There just was no way that you could have seen this with your naked eyes, unless you had a good pair of binoculars (which I didn't think of bringing along with me). Thank goodness for telephoto lenses!
One of my final shots in Glacier Bay was this view showing some of the ice
that had broken off the glaciers in the foreground and the mountains and clouds
filling the rest of the image. Without question I could never have picked up
this much detail without going through the above steps to multiply the intensity
of the sky and clouds, and then using Image/Adjust/Shadows & Highlights
to pick up more detail in the mountains.
But what I really want to demonstrate with this picture is the necessity of filling up the composition vertically as well as horizontally when doing scenic views. Too often when viewing photographers' portfolios I see pictures that have all
of the interest in a narrow band through the center of the picture with nothing much going on above or below it.
Leaving Glacier Bay we toured for several hours looking at the amazing vistas
that appeared all around us. Still a portrait photographer, I was watching the
faces of the people around me. Everyone was spellbound with the scenery. At
one point I was sitting in a guest cabin and looking out at some of my friends
on their veranda. When Ginny turned to speak to me I noticed the light wrapping
around from behind on both sides of her face. In an instant I picked up my camera
with the 28-135mm lens and made this snapshot from my viewpoint inside the cabin.
This is all natural light--no flash or reflectors! The high-key background is a snowy mountain behind her.
You can see in this next picture where Ginny was standing when I took the previous picture of her. This time I called Ellen to join her and photographed the two of them looking out from their veranda balcony. Once again I used my wide angle 14mm lens. Without it I would never have been able to capture this view. I was only 2 or 3 ft from them!
But distance wasn't my problem here. What I had to do was to balance the low light between the two of them under cover of the ship's deck above us with the brightness of the light in the scene behind them. I managed to do this with the aid of both the Canon EOS 10D's built-in flash and some more Photoshop magic.
Had I used the flash at full power I would have lost the naturalness of the ambient light. To correct this possibility I lowered the intensity of the built-in flash two f/stops below its normal power by the simple adjustment of a control on the camera.
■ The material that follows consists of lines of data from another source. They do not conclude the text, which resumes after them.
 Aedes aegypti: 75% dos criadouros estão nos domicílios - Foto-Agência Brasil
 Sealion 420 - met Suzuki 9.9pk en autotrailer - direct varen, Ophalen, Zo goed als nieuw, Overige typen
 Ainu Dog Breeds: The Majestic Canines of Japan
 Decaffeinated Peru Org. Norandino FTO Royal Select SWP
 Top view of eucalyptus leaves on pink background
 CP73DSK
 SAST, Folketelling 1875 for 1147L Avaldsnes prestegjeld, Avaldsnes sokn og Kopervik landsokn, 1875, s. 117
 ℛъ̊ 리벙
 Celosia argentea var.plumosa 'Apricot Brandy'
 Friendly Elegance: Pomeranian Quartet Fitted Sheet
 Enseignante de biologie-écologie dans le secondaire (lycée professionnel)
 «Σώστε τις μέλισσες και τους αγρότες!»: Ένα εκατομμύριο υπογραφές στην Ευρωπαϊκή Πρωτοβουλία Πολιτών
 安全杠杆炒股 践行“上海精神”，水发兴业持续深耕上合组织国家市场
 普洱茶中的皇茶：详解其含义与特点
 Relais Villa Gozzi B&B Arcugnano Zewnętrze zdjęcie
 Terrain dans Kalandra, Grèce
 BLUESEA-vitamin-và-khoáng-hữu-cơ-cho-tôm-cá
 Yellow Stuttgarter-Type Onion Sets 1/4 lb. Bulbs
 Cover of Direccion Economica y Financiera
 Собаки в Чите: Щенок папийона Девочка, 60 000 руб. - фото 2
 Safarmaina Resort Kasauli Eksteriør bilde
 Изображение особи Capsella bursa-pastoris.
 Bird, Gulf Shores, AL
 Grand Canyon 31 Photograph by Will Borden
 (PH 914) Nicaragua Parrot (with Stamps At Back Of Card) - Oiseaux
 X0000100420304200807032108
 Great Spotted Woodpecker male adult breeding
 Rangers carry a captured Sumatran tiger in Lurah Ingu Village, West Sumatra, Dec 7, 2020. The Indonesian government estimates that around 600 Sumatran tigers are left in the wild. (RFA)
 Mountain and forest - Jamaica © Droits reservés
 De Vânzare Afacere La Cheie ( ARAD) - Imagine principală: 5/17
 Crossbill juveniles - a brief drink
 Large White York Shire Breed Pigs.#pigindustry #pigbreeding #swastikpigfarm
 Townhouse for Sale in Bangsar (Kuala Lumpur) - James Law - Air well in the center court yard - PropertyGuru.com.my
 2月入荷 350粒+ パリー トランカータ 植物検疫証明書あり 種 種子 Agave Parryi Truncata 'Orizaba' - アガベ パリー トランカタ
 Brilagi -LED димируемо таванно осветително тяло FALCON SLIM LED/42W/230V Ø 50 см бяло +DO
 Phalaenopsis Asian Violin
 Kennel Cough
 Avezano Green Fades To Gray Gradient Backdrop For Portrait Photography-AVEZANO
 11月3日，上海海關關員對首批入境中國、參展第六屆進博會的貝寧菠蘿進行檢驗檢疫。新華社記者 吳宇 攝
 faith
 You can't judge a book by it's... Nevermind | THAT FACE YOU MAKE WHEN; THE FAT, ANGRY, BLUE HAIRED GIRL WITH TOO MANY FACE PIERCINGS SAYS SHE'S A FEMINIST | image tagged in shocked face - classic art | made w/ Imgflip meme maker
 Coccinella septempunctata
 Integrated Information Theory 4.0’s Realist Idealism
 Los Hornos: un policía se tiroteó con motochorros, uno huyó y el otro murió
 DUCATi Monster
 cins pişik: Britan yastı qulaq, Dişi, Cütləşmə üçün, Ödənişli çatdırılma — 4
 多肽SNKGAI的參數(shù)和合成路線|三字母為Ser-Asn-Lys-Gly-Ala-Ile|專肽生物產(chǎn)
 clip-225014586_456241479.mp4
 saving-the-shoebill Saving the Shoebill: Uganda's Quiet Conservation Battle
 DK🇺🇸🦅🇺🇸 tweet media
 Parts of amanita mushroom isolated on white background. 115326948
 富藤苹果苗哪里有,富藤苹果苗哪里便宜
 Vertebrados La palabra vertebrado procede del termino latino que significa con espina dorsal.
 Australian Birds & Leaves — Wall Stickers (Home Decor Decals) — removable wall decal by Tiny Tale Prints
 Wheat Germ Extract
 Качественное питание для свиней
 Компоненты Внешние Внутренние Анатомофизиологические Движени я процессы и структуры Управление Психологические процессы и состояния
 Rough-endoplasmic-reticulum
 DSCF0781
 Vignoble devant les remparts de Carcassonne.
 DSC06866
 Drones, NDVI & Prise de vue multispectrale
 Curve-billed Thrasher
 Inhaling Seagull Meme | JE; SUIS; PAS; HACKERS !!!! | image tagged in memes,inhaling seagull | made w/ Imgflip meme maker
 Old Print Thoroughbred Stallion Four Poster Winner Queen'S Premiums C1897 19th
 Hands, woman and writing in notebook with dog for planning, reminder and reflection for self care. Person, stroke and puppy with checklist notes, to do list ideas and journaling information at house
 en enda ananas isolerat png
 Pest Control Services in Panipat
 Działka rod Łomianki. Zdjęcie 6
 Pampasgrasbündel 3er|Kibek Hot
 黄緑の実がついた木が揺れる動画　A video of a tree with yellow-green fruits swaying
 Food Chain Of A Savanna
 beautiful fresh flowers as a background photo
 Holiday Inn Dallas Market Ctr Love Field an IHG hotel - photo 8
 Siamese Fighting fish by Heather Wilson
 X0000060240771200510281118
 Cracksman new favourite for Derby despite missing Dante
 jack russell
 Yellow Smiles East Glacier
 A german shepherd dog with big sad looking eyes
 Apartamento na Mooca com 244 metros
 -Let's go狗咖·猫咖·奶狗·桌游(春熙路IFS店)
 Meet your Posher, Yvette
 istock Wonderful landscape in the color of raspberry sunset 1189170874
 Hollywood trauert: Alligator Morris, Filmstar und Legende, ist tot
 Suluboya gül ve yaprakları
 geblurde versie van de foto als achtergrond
Next, I wanted to deepen and intensify the color of the scene that they were watching. To do this I learned from several of the other instructors on our trip to first set the Background Layers icon in Photoshop to black and white. Then, go to Layers/New Adjustment Layer/Levels, setting the Mode to Multiply. This doubles the intensity of the image, darkening it and saturating the color. Finally, with the Paintbrush tool you can eliminate the areas that you don't want intensified by painting with black and/or adding back areas that you may have crossed over inadvertently by painting with white. Once again, the results amazed me!
Tips For Scenics
1. Fill up the entire frame of each image with detail that
keeps the whole composition interesting.
2. Keep the horizon line above or below the center of the picture. A horizon line going through the center of a picture seems to cut it in half.
3. Keep the horizon line straight. It's so easy to correct that in Photoshop if necessary. There's nothing so disturbing than a horizon line that slants up or down.
4. Try for backlighting or sidelighting. Frontal lighting just can't capture the depth and texture of a scene.
5. Try to place something in the foreground to show scale and to create more depth.